(Stored items from a collection)
....................

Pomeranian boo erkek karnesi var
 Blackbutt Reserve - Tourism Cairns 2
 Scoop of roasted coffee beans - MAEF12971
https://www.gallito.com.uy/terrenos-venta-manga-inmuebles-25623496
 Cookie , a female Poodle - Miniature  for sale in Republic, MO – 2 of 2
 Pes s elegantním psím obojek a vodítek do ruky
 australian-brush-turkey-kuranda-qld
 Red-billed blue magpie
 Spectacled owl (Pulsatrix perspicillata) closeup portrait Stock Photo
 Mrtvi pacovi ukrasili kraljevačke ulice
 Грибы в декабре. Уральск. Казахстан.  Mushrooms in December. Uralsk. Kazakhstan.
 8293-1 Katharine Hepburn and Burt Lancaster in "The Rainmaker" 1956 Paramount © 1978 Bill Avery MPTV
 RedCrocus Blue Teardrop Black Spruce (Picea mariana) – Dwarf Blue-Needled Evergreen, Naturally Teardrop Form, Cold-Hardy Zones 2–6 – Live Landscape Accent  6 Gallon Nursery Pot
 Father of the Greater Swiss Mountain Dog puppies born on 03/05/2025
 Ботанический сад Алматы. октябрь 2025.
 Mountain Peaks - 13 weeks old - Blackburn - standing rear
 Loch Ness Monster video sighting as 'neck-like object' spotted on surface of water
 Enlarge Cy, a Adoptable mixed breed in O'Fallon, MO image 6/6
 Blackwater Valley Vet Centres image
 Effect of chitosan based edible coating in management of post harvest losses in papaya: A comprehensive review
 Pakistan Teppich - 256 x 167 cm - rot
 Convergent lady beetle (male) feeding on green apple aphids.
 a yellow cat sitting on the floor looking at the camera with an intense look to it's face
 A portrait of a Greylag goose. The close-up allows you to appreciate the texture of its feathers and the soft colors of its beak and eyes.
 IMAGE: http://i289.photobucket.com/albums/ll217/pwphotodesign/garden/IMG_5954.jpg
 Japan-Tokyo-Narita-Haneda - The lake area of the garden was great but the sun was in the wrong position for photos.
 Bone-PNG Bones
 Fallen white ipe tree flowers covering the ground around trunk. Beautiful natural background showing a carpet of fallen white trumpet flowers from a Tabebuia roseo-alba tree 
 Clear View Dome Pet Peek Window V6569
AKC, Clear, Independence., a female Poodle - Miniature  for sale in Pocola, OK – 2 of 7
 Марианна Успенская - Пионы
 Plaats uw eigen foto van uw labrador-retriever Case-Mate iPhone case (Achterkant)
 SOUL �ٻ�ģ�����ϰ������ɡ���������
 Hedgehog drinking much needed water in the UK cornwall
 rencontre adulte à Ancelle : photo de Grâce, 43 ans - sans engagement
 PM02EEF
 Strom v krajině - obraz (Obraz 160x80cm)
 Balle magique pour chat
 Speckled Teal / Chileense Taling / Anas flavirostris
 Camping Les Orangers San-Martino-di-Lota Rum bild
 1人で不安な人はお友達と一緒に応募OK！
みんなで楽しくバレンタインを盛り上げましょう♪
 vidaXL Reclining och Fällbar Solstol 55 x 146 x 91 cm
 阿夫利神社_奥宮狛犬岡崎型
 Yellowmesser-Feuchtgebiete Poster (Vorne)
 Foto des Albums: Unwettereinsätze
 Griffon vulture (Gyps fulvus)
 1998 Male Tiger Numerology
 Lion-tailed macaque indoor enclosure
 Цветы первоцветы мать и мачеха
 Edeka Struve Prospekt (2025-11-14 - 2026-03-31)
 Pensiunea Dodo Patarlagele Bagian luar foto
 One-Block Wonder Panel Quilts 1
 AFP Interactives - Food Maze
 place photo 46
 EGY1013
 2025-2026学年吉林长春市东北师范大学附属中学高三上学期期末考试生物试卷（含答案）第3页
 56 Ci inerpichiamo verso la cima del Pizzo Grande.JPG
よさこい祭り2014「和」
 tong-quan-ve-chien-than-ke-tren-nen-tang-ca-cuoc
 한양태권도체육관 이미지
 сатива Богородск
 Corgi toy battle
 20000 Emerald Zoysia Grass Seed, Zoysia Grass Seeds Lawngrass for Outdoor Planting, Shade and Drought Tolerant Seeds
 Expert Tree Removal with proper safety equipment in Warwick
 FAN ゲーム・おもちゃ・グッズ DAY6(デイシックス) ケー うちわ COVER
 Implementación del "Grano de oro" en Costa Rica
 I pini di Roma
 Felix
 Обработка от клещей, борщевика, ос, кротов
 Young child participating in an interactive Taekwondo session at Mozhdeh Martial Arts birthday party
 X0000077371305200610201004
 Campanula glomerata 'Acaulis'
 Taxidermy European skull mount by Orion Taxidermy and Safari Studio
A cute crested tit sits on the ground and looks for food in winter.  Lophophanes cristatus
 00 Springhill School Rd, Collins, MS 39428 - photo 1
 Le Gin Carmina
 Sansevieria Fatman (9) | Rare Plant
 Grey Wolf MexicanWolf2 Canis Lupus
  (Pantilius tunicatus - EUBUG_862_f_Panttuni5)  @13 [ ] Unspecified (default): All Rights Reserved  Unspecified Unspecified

....................

→ **TASK**:
What you return should be the lines from the beginning of the records through the one that contains "Fallen white ipe", repeated exactly and with no additions.

→ **OUTPUT OF THE EXERCISE**:
Pomeranian boo erkek karnesi var
 Blackbutt Reserve - Tourism Cairns 2
 Scoop of roasted coffee beans - MAEF12971
https://www.gallito.com.uy/terrenos-venta-manga-inmuebles-25623496
 Cookie , a female Poodle - Miniature  for sale in Republic, MO – 2 of 2
 Pes s elegantním psím obojek a vodítek do ruky
 australian-brush-turkey-kuranda-qld
 Red-billed blue magpie
 Spectacled owl (Pulsatrix perspicillata) closeup portrait Stock Photo
 Mrtvi pacovi ukrasili kraljevačke ulice
 Грибы в декабре. Уральск. Казахстан.  Mushrooms in December. Uralsk. Kazakhstan.
 8293-1 Katharine Hepburn and Burt Lancaster in "The Rainmaker" 1956 Paramount © 1978 Bill Avery MPTV
 RedCrocus Blue Teardrop Black Spruce (Picea mariana) – Dwarf Blue-Needled Evergreen, Naturally Teardrop Form, Cold-Hardy Zones 2–6 – Live Landscape Accent  6 Gallon Nursery Pot
 Father of the Greater Swiss Mountain Dog puppies born on 03/05/2025
 Ботанический сад Алматы. октябрь 2025.
 Mountain Peaks - 13 weeks old - Blackburn - standing rear
 Loch Ness Monster video sighting as 'neck-like object' spotted on surface of water
 Enlarge Cy, a Adoptable mixed breed in O'Fallon, MO image 6/6
 Blackwater Valley Vet Centres image
 Effect of chitosan based edible coating in management of post harvest losses in papaya: A comprehensive review
 Pakistan Teppich - 256 x 167 cm - rot
 Convergent lady beetle (male) feeding on green apple aphids.
 a yellow cat sitting on the floor looking at the camera with an intense look to it's face
 A portrait of a Greylag goose. The close-up allows you to appreciate the texture of its feathers and the soft colors of its beak and eyes.
 IMAGE: http://i289.photobucket.com/albums/ll217/pwphotodesign/garden/IMG_5954.jpg
 Japan-Tokyo-Narita-Haneda - The lake area of the garden was great but the sun was in the wrong position for photos.
 Bone-PNG Bones
 Fallen white ipe tree flowers covering the ground around trunk. Beautiful natural background showing a carpet of fallen white trumpet flowers from a Tabebuia roseo-alba tree 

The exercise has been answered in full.